Leftist: Hey, here's a great idea! Let's forgive all personal debt!

Most people on the political Left seem only slightly familiar with logic--which is no disadvantage when it comes to leading what passes for thought on the Left.

A writer for the Vox blog illustrates this perfectly, in a post commenting on an article written by Russell Brand--who I gather is some sort of entertainer--about what a great idea it would be if the government ordered that all personal debt was immediately cancelled.

Of course neither Brand nor the Vox blogger actually uses the phrase "...if the government ordered..."  Because of course who else would have the power to do that?  Instead they couch it in the passive tense:  "What a good idea cancelling personal debt would be," as if it just happened all by itself.

Gosh, this seems oddly familiar.  Have we seen this before?

Why yes, we have!  It's the same basic idea as Obamacare ("you can get free health care"), Obamaphones or any other liberal/"progressive" program:  If you elect us, our party will have the government give you free stuff.  All you want.

Here's the core 'grafs:
The key issue is...if a debtor gets an extra dollar he's likely to spend it on current consumption, whereas a creditor is likely to save it. In a full-employment economy, reducing the creditors' savings reduces the pool of capital available for investment. That raises interest rates and slows investment, even as the new money in the pockets of debtors raises consumption. The economic impact is neutral in the short-term, and by reducing investment you get a negative long-term impact.

But if the economy isn't at full employment — i.e., it's in need of stimulus — then this works differently. Because inflation is low, the central bank will keep interest rates low regardless of the diminished pool of capital. But the newly enriched debtors will still raise their level of consumption, boosting the economy. Even better, with more demand for consumption goods in the economy, companies may even be inspired to invest more.

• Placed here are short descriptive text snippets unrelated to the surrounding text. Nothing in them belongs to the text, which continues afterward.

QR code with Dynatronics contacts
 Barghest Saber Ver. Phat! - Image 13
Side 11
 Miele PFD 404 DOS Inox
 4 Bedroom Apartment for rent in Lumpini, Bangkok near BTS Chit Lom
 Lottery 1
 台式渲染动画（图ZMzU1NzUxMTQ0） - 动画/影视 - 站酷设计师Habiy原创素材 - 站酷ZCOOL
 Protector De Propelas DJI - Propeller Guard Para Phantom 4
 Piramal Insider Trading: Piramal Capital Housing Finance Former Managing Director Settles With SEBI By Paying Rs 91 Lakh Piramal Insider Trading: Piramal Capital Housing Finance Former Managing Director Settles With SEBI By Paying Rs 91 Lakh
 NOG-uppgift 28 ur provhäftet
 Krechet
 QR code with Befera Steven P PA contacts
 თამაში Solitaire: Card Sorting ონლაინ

That boosts the economy's long-term prospects.
It's hard to cram as much ignorance into a single paragraph as the writer did in that second 'graf.

There's no doubt that forgiving all debt would unlease a torrent of consumer spending.  And the guy correctly sees that wiping out creditors' investments would "reduce the pool of capital available for investment."  He concludes in a full-employment economy" the long-term impact would be negative.

But see how deftly he waves away that profound negative in the second 'graf:  He argues that "the central bank will keep interest rates low regardless of the diminished pool of capital."  But of course even rock-bottom interest rates only help if a bank is willing to loan money to borrowers.  If the government has just forgiven all debts, how eager does he think banks will be to loan more money?

If the government is powerful enough and ruthless enough to forgive all personal debt once, what would keep it from doing so again?  But no matter--with "newly enriched debtors" flooding the markets with spending, all will be just super.

Ponder that phrase "newly-enriched debtors" for a moment.  One wonders if the writer would use the same euphemism for a bank robber or mugger:  Not violent or lawbreaking, merely...newly enriched.  This tells you almost everything you need to know about the guy's worldview.

One wonders if the writer has heard of Venezuela:  The socialist government of that country decided businesses were making too much profit, so they simply seized half a dozen businesses that they accused of setting prices too high.  This caused all businesses to double their efforts to sell goods at no profit, and now Venezuela is awash in products and the country's economy is roaring.

Just kidding, of course:  Other businessmen saw the trend and said "I don't think we should be doing business under this lawless government--let's go somewhere else!"  The supply of virtually everything got smaller and smaller.  Even the price of coffee went through the roof--in one of the world's largest coffee-exporting nations!  Now the government has started rationing food.

Yeah, that worked reeeally well.

But to leftists/socialists/"progressives" all such programs are a great idea, and in Left-thinking they should work.  So if they fail it's either because they were sabotaged by mysterious forces ("reactionaries", "counterrevolutionaries") or because they didn't go far enough.

It'll be interesting to watch this proposal gain momentum in chic leftist circles.  Hey, if you're a leftist/Democrat how can you not like something that give everyone thousands of dollars to spend, while penalizing only "rich" savers and banks?